6月6日、年金改革に反対する14回目の抗議行動が実施されたが、警察発表によると、デモ行進の参加者数は全国で28万1000人にとどまり、動員力の低下が鮮明になった。1月19日に開始した抗議行動は、一時は120万人以上を集める盛り上がりを見せたが、メーデー(5月1日)の統一デモでは参加者はすでに78万2000人に低下していた。なお、毎回警察発表と大きくかけ離れた大規模な動員数を発表する労組CGTは、5月1日の動員数を230万人、6月6日の動員数を90万人以上としている。

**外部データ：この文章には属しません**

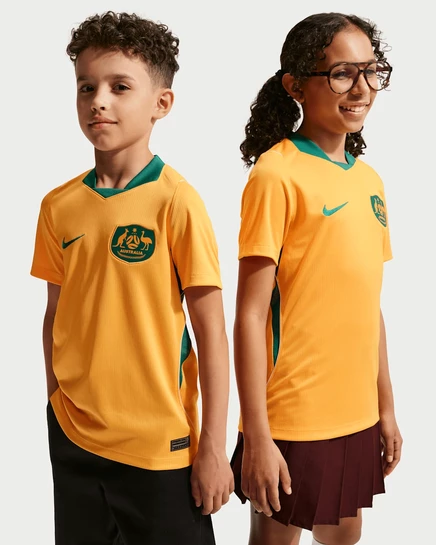 Детская майка Nike Australia 2026, золотистая/зеленая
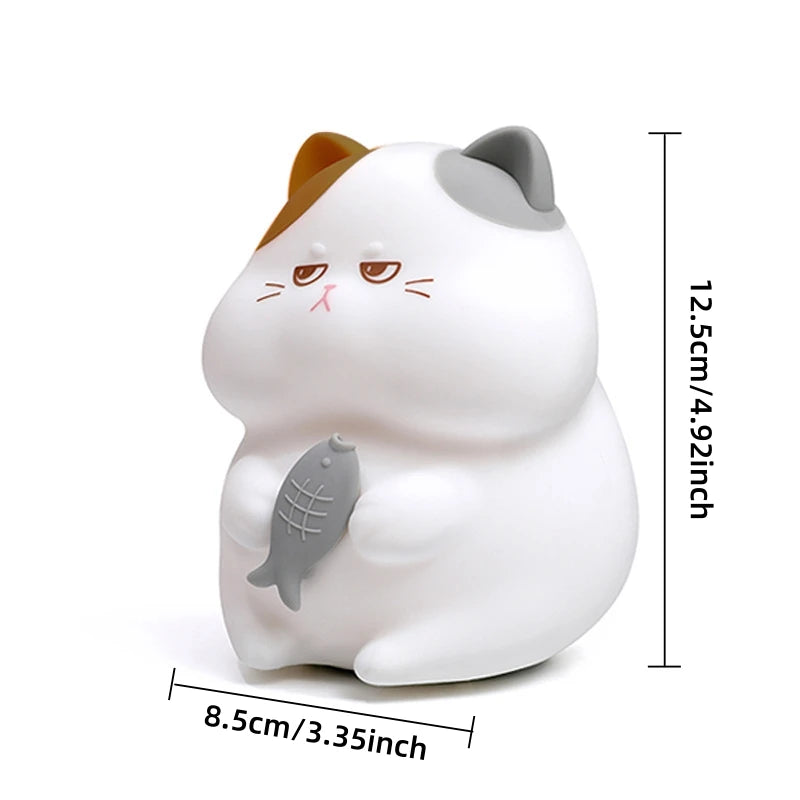 Gourmand Cat Night Light,Ambient Pat-Pat Lamp,Rechargeable,Timer,Ideal for Home Decor,Perfect Gift Choice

下院では8日の本会議で、年金改革の撤廃を求める議員立法法案の審議が予定されており、これを控えて諸労組のリーダーは6日の抗議行動では下院議事堂の前に集結した。同法案は中道野党の小グループ「LIOT」が提出したものだが、その肝となる第1条(定年年齢を62才から64才へ引き上げるとする年金改革法の規定を撤廃する内容)は小委員会のレベルですでに削除されており、本会議での審議で同条項の復活が認められる可能性もほぼないため、改革反対派の希望は潰えつつある。
労組CFDTのベルジェ書記長は「不本意ながら試合は終わりつつある」と認め、8日の審議についても「未知数の部分はあるが、見通しは良くない」と予想。今後の対応についても、主要労組が一丸となって主導する全国抗議デモは今回が最後だと述べた。CGTのビネ書記長のほうは、8日の下院審議にまだ期待を託す姿勢を示し、抗議デモを今後も続ける可能性を示唆するなど、両者の態度には温度差が感じられる。ただし両書記長はともに、今後も重要な労働問題に関しては労組間の協力を維持する方針を表明した。